HOW TO COMPLETE THIS TASK
In the data below, the answer is the run of lines from the line containing "Dievčenské snehule jack" through the line containing "Winning Pass — Chapter 9, halaman 17", both included; print it exactly and nothing else.

DATA LISTING
- - -

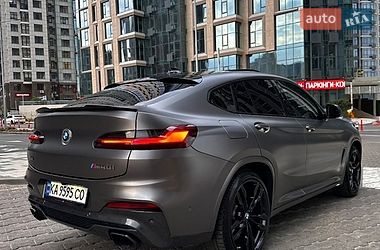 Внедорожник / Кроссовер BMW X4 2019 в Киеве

- - -

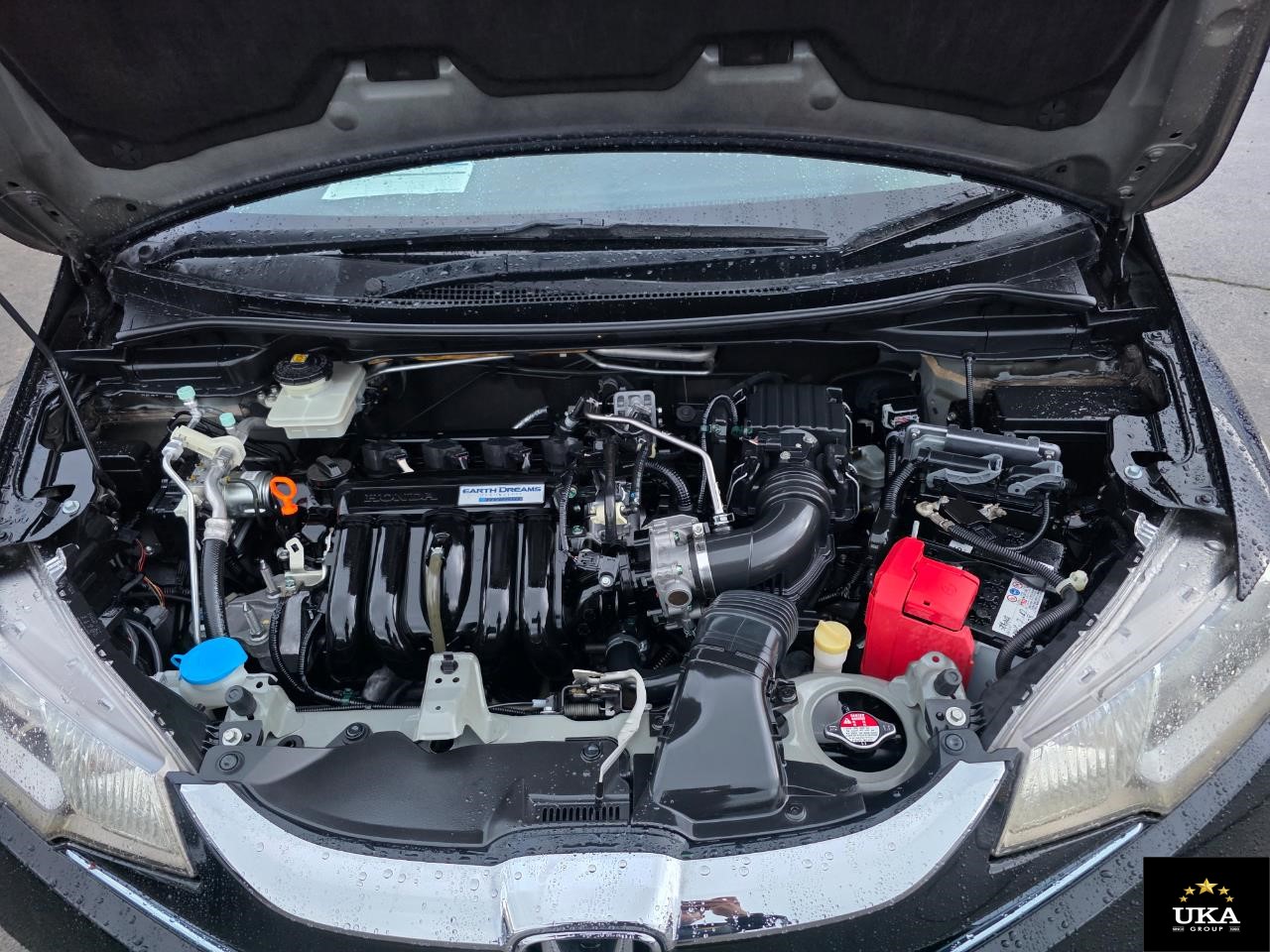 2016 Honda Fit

- - -

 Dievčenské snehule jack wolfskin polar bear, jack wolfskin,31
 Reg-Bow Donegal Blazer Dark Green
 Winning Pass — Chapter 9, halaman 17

- - -

TASK RESPONSE
 Dievčenské snehule jack wolfskin polar bear, jack wolfskin,31
 Reg-Bow Donegal Blazer Dark Green
 Winning Pass — Chapter 9, halaman 17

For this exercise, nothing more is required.